Two related crimes earlier this month in Great Bend resulted thousands of dollars in property loss, according to information from Great Bend Police Chief Akings, a spokesman for Crime Stoppers. One business has announced a $2,000 reward for information in solving the crimes.
The crimes occurred the night of Thursday, Dec. 5, or early on Dec. 6, at Harper Camperland, located at 1200 East 10th St., and Rosencrantz-Bemis Water Well Co., located at 1105 U.S. 281 Bypass.
Sometime between 5:30 p.m. on Dec. 5 and 8:15 a.m. on Dec. 6, a fence that separates Harper Camperland and Rosencrantz-Bemis was cut. Three campers were broken into and three LED televisions, a DVD player and a comforter were stolen. Loss and damages were $11,000.
Sometime before 6:50 a.m. on Dec. 6, a gate at Rosencrantz-Bemis was damaged, along with the fence. Stolen items included a 2011 Ford F-350 truck with a special bed, and two toolboxes with tools and supplies. Loss was $50,375.
The truck was later recovered at Kiowa Road and Third St. and returned to its owners.

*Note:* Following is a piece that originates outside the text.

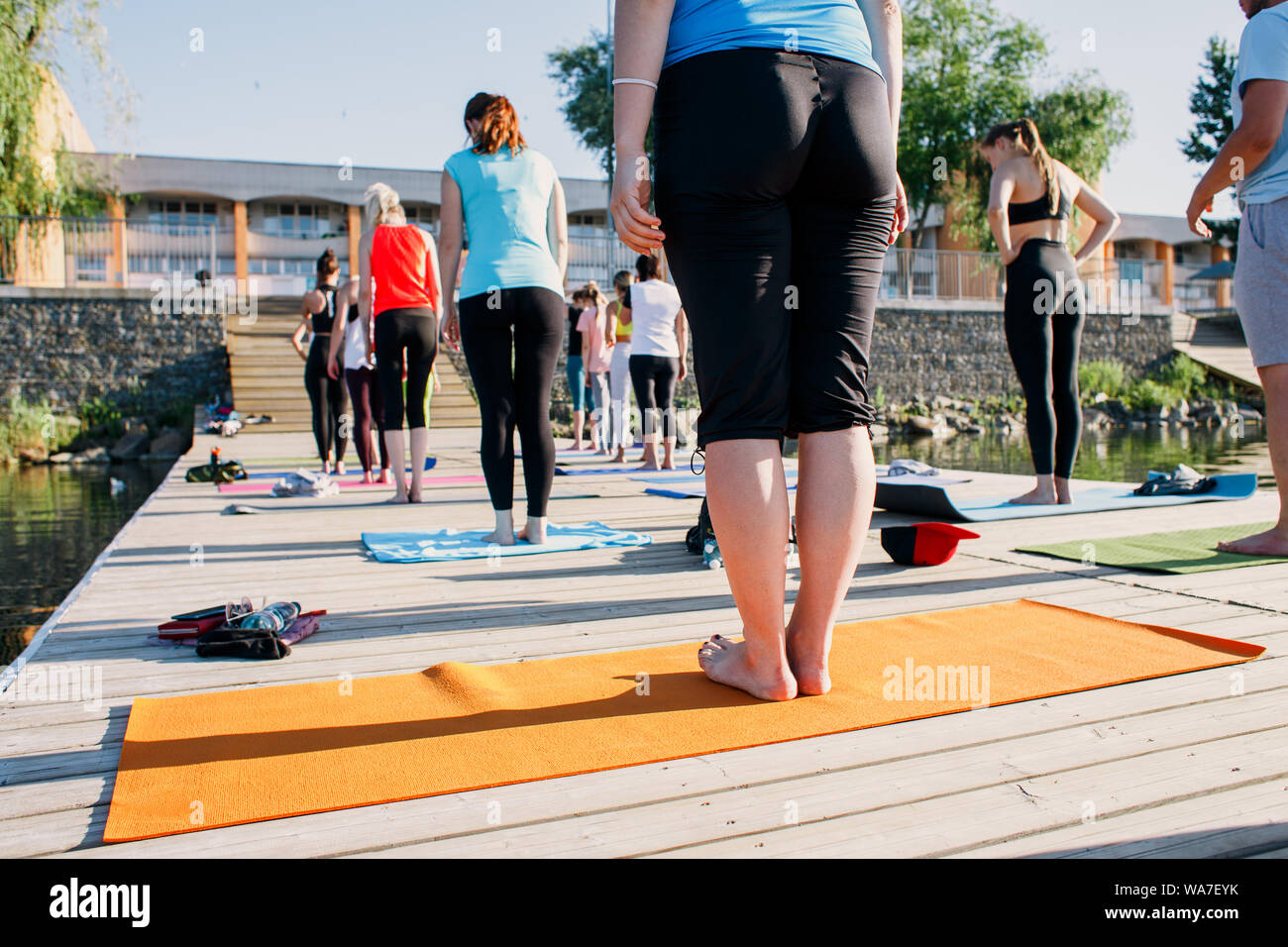 A big group of people attending yoga classes on a pontoon near the lake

JP Postlethwaite, secretary/treasurer for Crime Stoppers of Great Bend and Barton County, said anyone with information about this crime can call Crime Stoppers, 792-1300 or 888-305-1300. Crime Stoppers offers rewards of up to $1,000 for anonymous tips that lead to arrests, convictions and/or property recovery.
“Beside the rewards Crime Stoppers is willing to pay, the owners of Harper Camperland wish to inform our community that they are willing to pay $2,000 to anyone who will come forward with information leading to an arrest,” Postlethwaite said. “They are doing this on there own and it is not part of Crime Stoppers. The person coming forward with this information does not have to stay anonymous, like a Crime Stoppers tip must be.”

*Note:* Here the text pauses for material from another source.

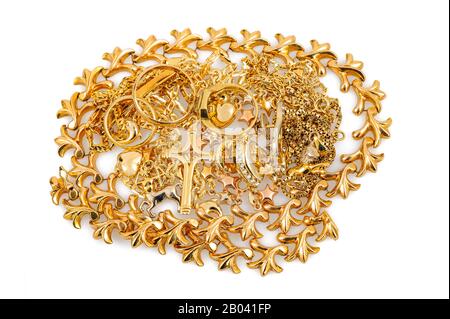 gold jewelry pile isolated on white background Stock Photo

That does create some logistical problems for Crime Stoppers, Postlethwaite noted.
“Crime Stoppers has strict rules they must abide by and are sometimes challenged with large rewards, by the IRS, wanting a 1099 form, which will give up the caller’s name. Crime Stoppers and the law enforcement do not ever know the name of the caller, and never can.”
Postlethwaite wants anyone who might provide information to know that it would be possible to collect both rewards, but if ever challenged by the Internal Revenue Service, the name, if known, will have to given up to the IRS.